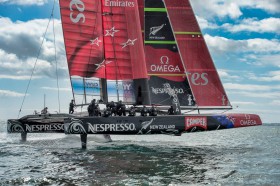 Team New Zealand veröffentlicht am Tag des Oracle Desasters Bilder von seinem Kat, wie er sich aus dem Wasser hebt. © Chris Cameron / Emirates Team New Zealand Team New Zealand veröffentlicht am Tag des Oracle Desasters Bilder von seinem Kat, wie er sich aus dem Wasser hebt. © Chris Cameron / Emirates Team New Zealand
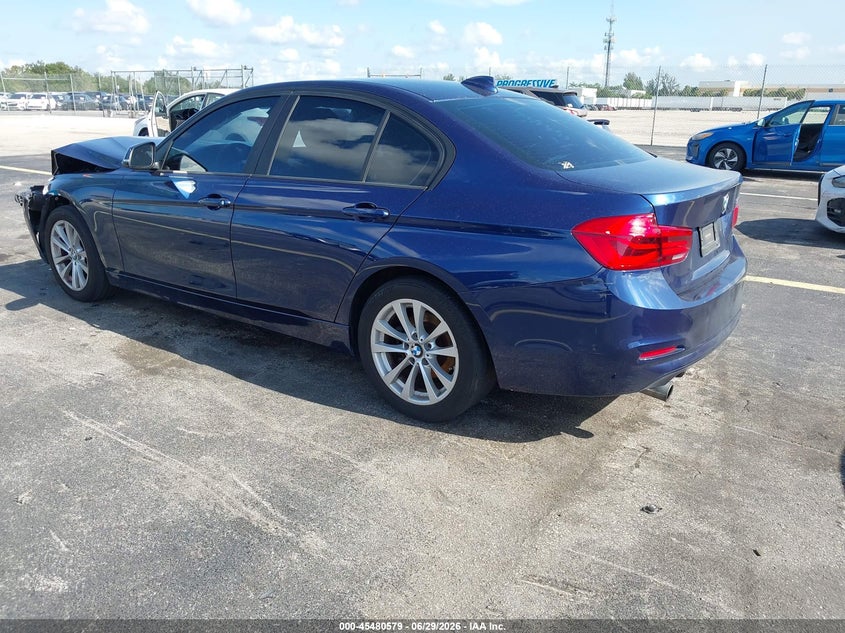 2018 BMW 3er VIN WBA8E1G55JNU91159 IAAI salvage auction — FRONT END, Rebuildable (Florida), sold $1,125 on 2026-07-30 (photo 3)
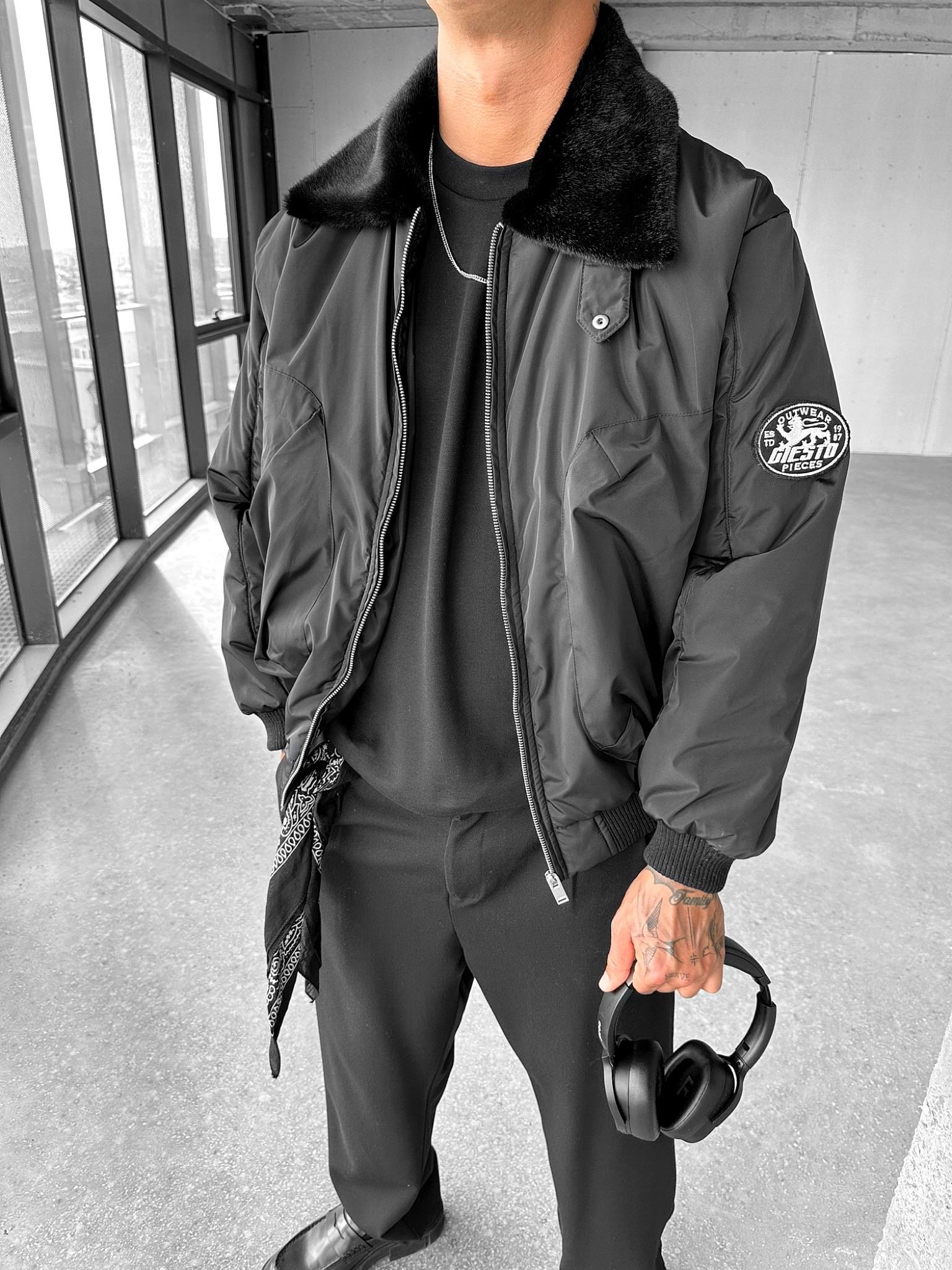 Erkek Oversize Yakalı Fermuarlı Cepli Mont Siyah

▸ What is being asked
Go through the listing above and quote it exactly, apart from its images.

▸ Answer to this exercise
 Team New Zealand veröffentlicht am Tag des Oracle Desasters Bilder von seinem Kat, wie er sich aus dem Wasser hebt. © Chris Cameron / Emirates Team New Zealand Team New Zealand veröffentlicht am Tag des Oracle Desasters Bilder von seinem Kat, wie er sich aus dem Wasser hebt. © Chris Cameron / Emirates Team New Zealand
 2018 BMW 3er VIN WBA8E1G55JNU91159 IAAI salvage auction — FRONT END, Rebuildable (Florida), sold $1,125 on 2026-07-30 (photo 3)
 Erkek Oversize Yakalı Fermuarlı Cepli Mont Siyah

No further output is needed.